I’ve just started watching Season Six of House, and the opening sequence of the first episode is an excellent example of telling story through visuals. If you can show it rather than have a character explain it, it’s so much better for the viewer/reader.
I have three examples of terrible dialogue stuck in my head, and I need to exorcise them. The first one is almost forgiveable. It’s from the film Flightplan, and is a looped line added in post to explain a plot point we should already know. Towards the end of the film, Jodie Foster is walking through an airport with her daughter. The dubbed line is “Is that the lady with the girl?”
It literally serves no purpose, and should not be there.
But it’s not as bad as the moment in Clash Of The Titans I saw at the weekend. In summary:
Three more, even bigger scorpions appear on the horizon.

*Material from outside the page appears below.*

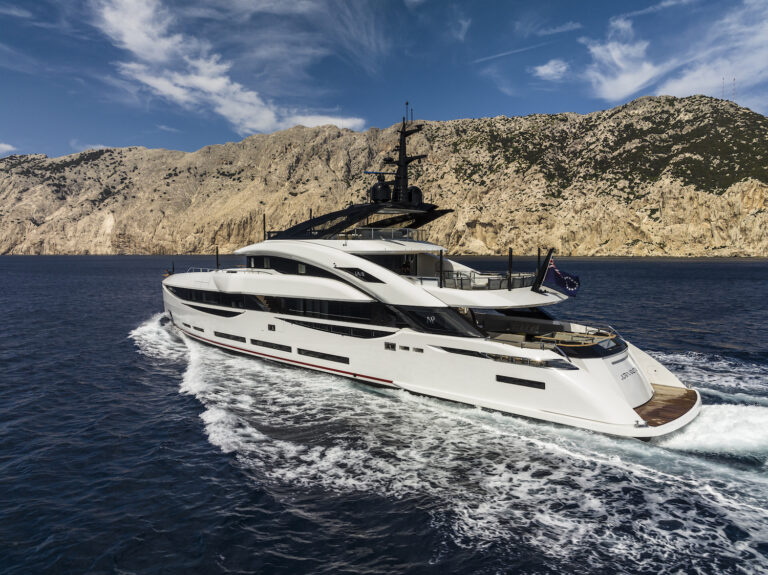 Luxury Yacht UV II Cruising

“There’s three more of them,” someone declares, “And they’re even bigger.
At what point in the re-writing of the script did someone read the stage direction and think it needed to be explained. It’s like Han Solo flying away from a destroyed space station screaming “Yayyy, we just blew up the Death Star.”

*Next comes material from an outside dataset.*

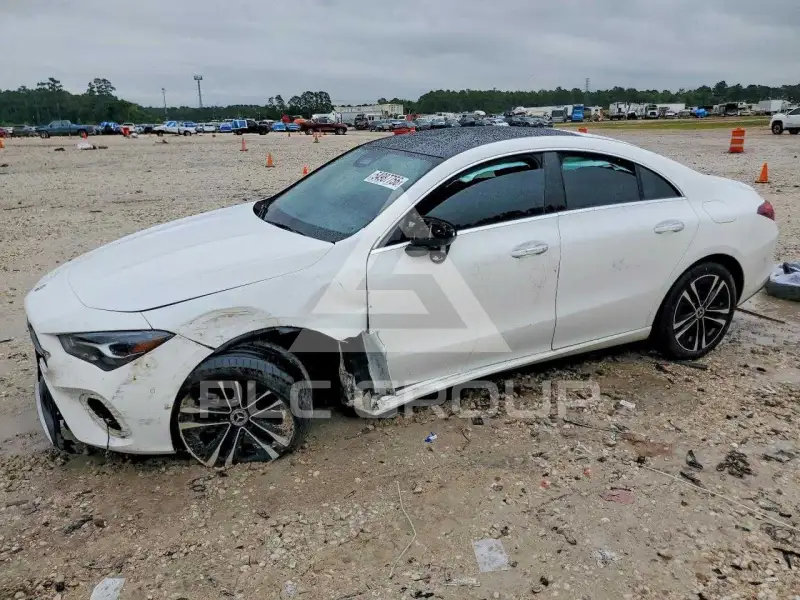 2025 Mercedes Benz CLA-Class фото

If you can cut even a single word of dialogue, you should. The line “I’m going to bed,” is less elegant than “Going to bed,” which also sounds more natural. If you can remove a word from a sentence without changing its meaning, do so.

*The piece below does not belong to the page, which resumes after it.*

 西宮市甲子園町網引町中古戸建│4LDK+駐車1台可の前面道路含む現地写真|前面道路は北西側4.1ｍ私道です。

Obviously there will be times when you can’t get through your exposition visually, and this is where you need to be subtle with your dialogue. The best and worst example of this came within a single line of one another on the show Lie To Me. Tim Roth’s charcter meets a woman we do not know and says something to her. She replies, “Not unless you want to marry me again.”
Before adding, “Because I’m your ex-wife.”
That is a lovely piece of expositionary dialogue completely shat upon by a terrible one.
I suspect it was a note from an executive.